Gaining users. Lessons learned from blogging.

Posted on April 6, 2008. Filed under: 43 Things, advice, attention capturing, become well-known, blogging, competition, gaining users, lessons learned, mistakes in dealing with page visitors, providing benefit, respect, rules of thumb, series of posts, social interaction, story, user experience | Tags: , , , , , , , , , |

This one is going to be a bit long, as I refer to my own experiences in blogging, how I approached increasing the number of readers, my failures and lessons learned. In the end, I come up with a conclusion that points back into the direction of usability and communities.

In 1999, I didn’t care much for what I blogged or who might been the audience — if I had any at all. In 2005/2006, that changed when I noticed a growing number of net-prominents who were barely more talented than me. Though they had a lot readers. Apparently because they aimed at gathering a large audience, be present. Which made me ask how to gain a greater audience too. (Probably, that was an a bit short-sighted Me Too which lacked insight to the core of the idea, but anyways, that was on what I started.) So, the core of the question was how to gather readers, and trying to figure it out revealed some lessons to be learned. Some of them might pay out when you go after gaining users for a new service, especially if the users are free, including free to leave at any sudden point in time.

My subsequent questions were Who does see my blog at all?, Where?, Who’s seeing pieces of it?, Which pieces? And if people saw pieces of my blog, as that’s usual on the web, most likely those pieces would feature a link back to the original postings on my blog — how could I make these people to follow these breadcrumbs? — At least, that would cause a few new visitors. With a little luck, some of them might even become regular visitors.

So, the first question to tackle was: Which pieces do people see of my blog when they don’t see it in a whole? And where do they see them? — One answer is obvious: Pieces of my blog people might find on search engines. There I won’t be able to influence what they might see as the presentation algorithm might strip out everything not relevant to the person’s search.
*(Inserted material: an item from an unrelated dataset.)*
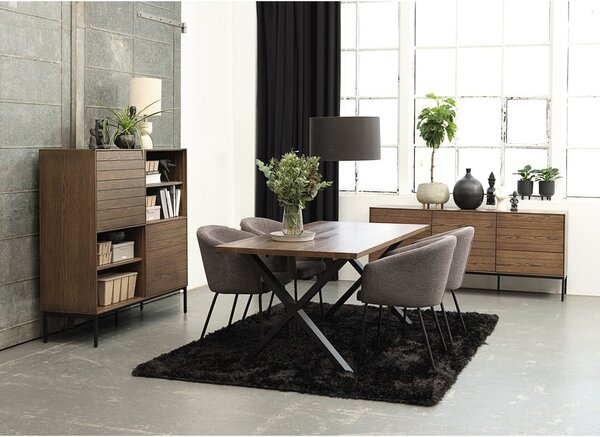 Tmavosivé čalúnené jedálenské kreslo s podrúčkami Easton – Unique Furniture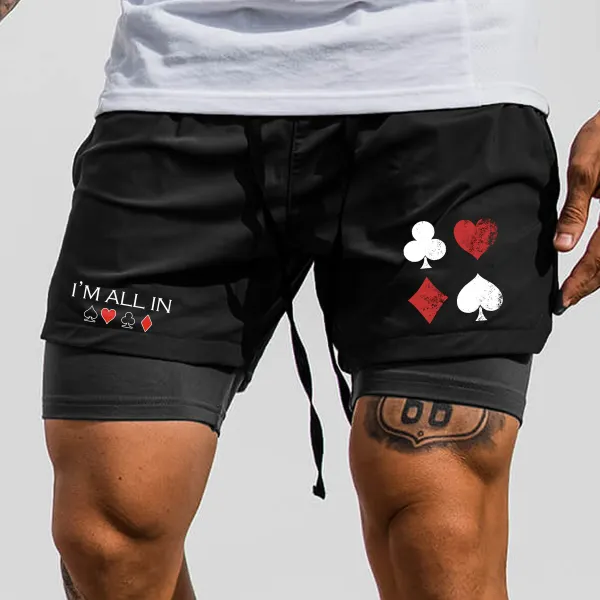 Playing Card Print Gym Performance Shorts - Ootdyouth.com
RSS feed probably would be the next thing you would come up with. Right. And, depending on your blog’s or blog provider’s settings, what people would see of your blog were predictable to some extend: At least, feed subscribers would learn about the headline of your feed distributed postings. With a little more look the feed would contain the first 255 characters of your postings’ texts .. the whole first paragraph or the whole postings altogether. With some special contribution of your blog provider there might even be the chance to summarize your posting and feed that instead.

The third thing their postings become visible by to the outer world — i.e. far away from their blogs — inexperienced bloggers easily fail to spot. That’s trackbacks. Cuttings of their own postings featuring a link to an other page on the web. Trackbacks usually feature a backlink, a link from the cutting back to your posting. That’s what you’re actually after, since the backlink is what multiple readers of that foreign page might take to come over to your blog.

On the cuttings, you depend on two conditions: #1, your software pings back the linked page and #2, the pinged side creates a trackback. Often the trackback is minimalist, so everything that gets displayed on the linked page is the headline of your post. If you are lucky. Sometimes even that gets abridged. With a little more luck, you don’t get only your complete headline placed there but also the link text or, depending on how the trackback generation is set up, gradually more, such as link text plus the whole sentence the link is in as context or even surrounding 255 characters of context. However, for trackbacks you seldomly will know how much — i.e. what part — of your posting gets rendered on the linked page.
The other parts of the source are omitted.